Il primo film su papa Bergoglio

di / 1 dicembre 2015

Alla vigilia del Conclave che lo eleggerà papa con il nome di Francesco I, l’arcivescovo di Buenos Aires, Jorge Mario Bergoglio, arriva a Roma per partecipare alla votazione. Contemplando la basilica di San Pietro, Bergoglio si lascia andare ai ricordi della sua vita argentina, dal giorno della vocazione fino agli ultimi anni nella curia della capitale.

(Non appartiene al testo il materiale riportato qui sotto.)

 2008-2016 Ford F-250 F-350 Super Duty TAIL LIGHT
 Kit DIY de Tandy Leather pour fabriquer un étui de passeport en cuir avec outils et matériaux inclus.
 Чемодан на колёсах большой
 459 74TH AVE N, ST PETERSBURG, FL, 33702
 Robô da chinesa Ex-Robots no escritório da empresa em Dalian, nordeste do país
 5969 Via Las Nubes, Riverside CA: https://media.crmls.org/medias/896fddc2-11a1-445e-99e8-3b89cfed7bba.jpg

Chi si aspettava una specie di nuovo Habemus Papam lasci perdere subito. Chiamatemi Francesco, il nuovo film di Daniele Luchetti prodotto dalla TaoDue Film del gruppo Mediaset sotto la guida attiva di Pietro Valsecchi, non è un film sulla religione o sulla responsabilità del soglio pontificio, non è un film che cerca di capire il senso di domande o la possibilità delle risposte. Con il film dell’amico Moretti non ha niente in comune. Chiamatemi Francesco è un film biografico puro e semplice, di quelli classici, tendenti alla celebrazione.

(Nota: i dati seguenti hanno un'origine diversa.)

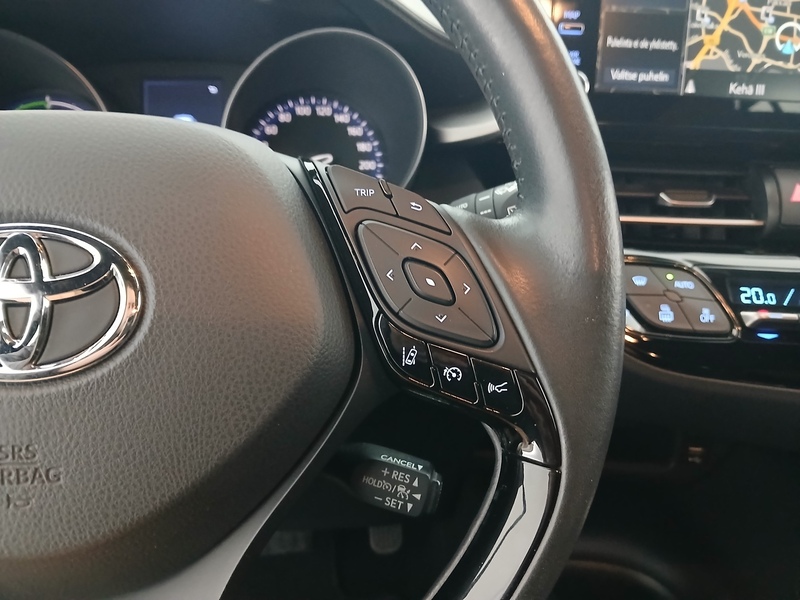 Toyota C-HR vaihtoauto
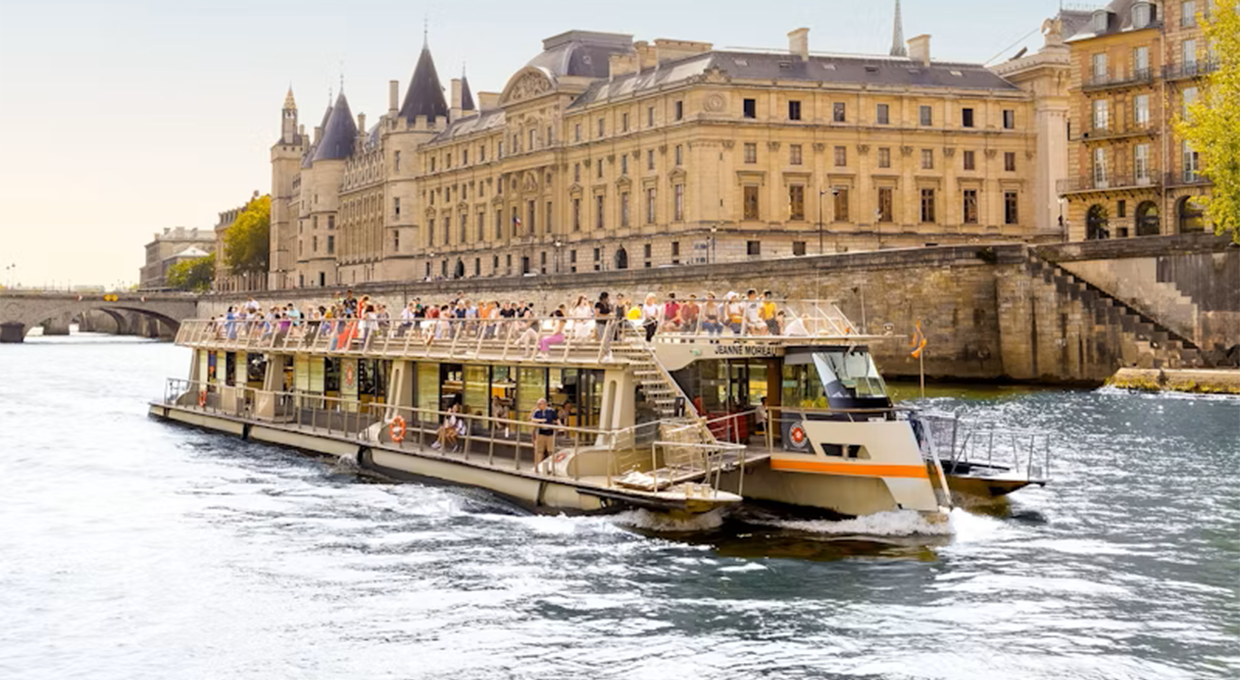 1-Hour Seine Cruise with Audio Guide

Attraverso un lungo flashback che parte da un Bergoglio ancora giovane e laico, Luchetti cerca di raccontare la storia dell’Argentina attraverso la testimonianza attiva di un giovane prete che mostrava già in sé i caratteri del pontefice. Ci sono tutti i momenti fondamentali della vita del futuro Francesco: la fidanzatina, la vocazione con il sogno di andare a fare il missionario in Giappone, gli anni da superiore provinciale nel collegio dei gesuiti di Buenos Aires, il rapporto con la dittatura, l’esilio in campagna e il ritorno in città, il rapporto con le periferie e i poveri e così via. È la parabola completa di un uomo destinato a diventare papa, un agiografia, molto più che una biografia, uno sconcertante santino che lascia perplessi non certo per i contenuti o per il taglio che si è deciso di adottare per raccontare Bergoglio, quanto soprattutto per la banalità della messa in scena, della narrazione, della scrittura, di tutto.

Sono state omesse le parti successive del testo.